# G519 MG151142 now 95% restored



## Bozman (Jan 14, 2016)

After along restoration process MG151142 is now 95% restored. I'm building a better seat with a NOS seat frame. I just need to find a good substitute for horse hair for the padding. I will also be adjusting the front fender braces as they are a hair too short and create a slight bend in the fender.


----------



## johan willaert (Jan 15, 2016)

Great job!


----------



## MrColumbia (Jan 15, 2016)

Looking good!


----------



## HUFFMANBILL (Jan 15, 2016)

Nice work Boz.  I like the serial number plate on the top tube.

Regards,
Bill


----------



## Bozman (Jan 15, 2016)

HUFFMANBILL said:


> Nice work Boz.  I like the serial number plate on the top tube.
> 
> Regards,
> Bill



Bill that is how I got it.  One of these days I need to pic your brain on what you use for padding when you rebuild the seats. 

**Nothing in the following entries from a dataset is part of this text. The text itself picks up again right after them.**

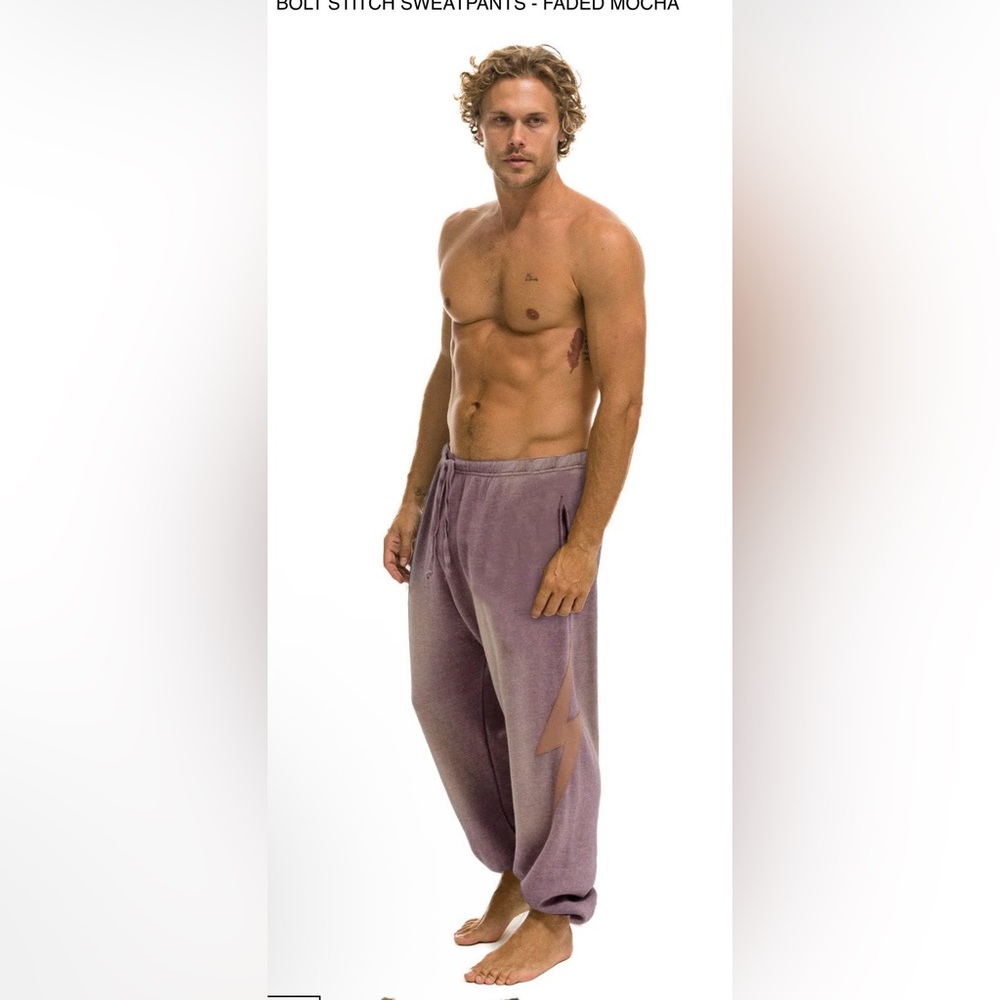 Aviator Nation BOLT STITCH SWEATPANTS - FADED MOCHA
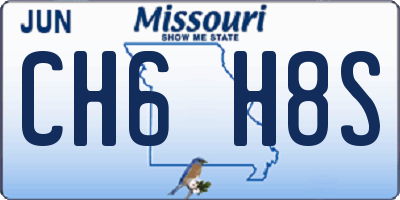 MO license plate CH6H8S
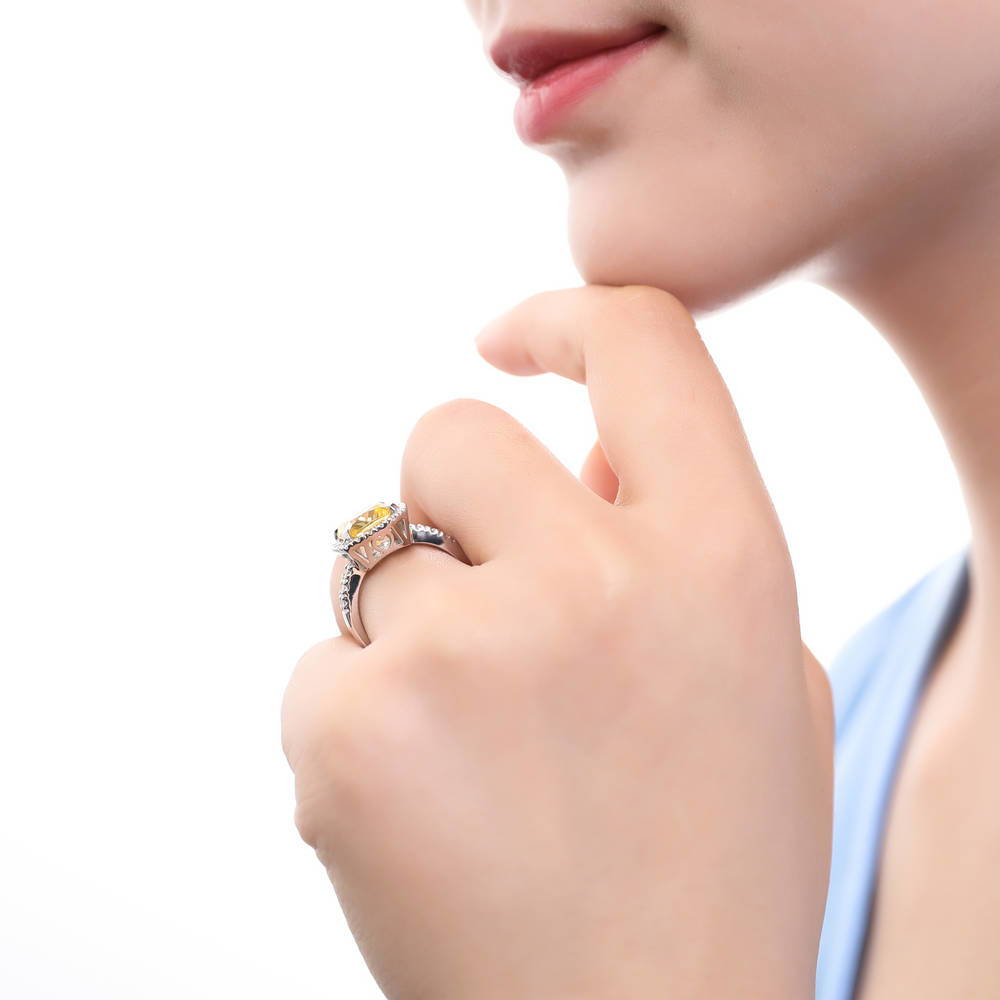 Halo Canary Yellow Cushion CZ Ring in Sterling Silver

Sent from my SM-N910V using Tapatalk


----------



## HUFFMANBILL (Jan 16, 2016)

Bozman said:


> Bill that is how I got it.  One of these days I need to pic your brain on what you use for padding when you rebuild the seats.
> 
> Sent from my SM-N910V using Tapatalk




Hi Boz,

If you will be at the Ripken show in May let me know when it gets close and I can show you the padding.

Regards,
Bill


----------



## Bozman (Jan 17, 2016)

Bill,

I will definitely be at the Ripken show.  I look forward to learning from a Master.

Boz


----------



## HUFFMANBILL (Jan 17, 2016)

Bozman said:


> Bill,
> 
> I will definitely be at the Ripken show.  I look forward to learning from a Master.
> 
> Boz




Boz, you are too kind !!!

Regards,
Bill


----------



## izee2 (Jan 17, 2016)

Hey Bozman....Very nice.  Its good to see another MG brought back to life.


----------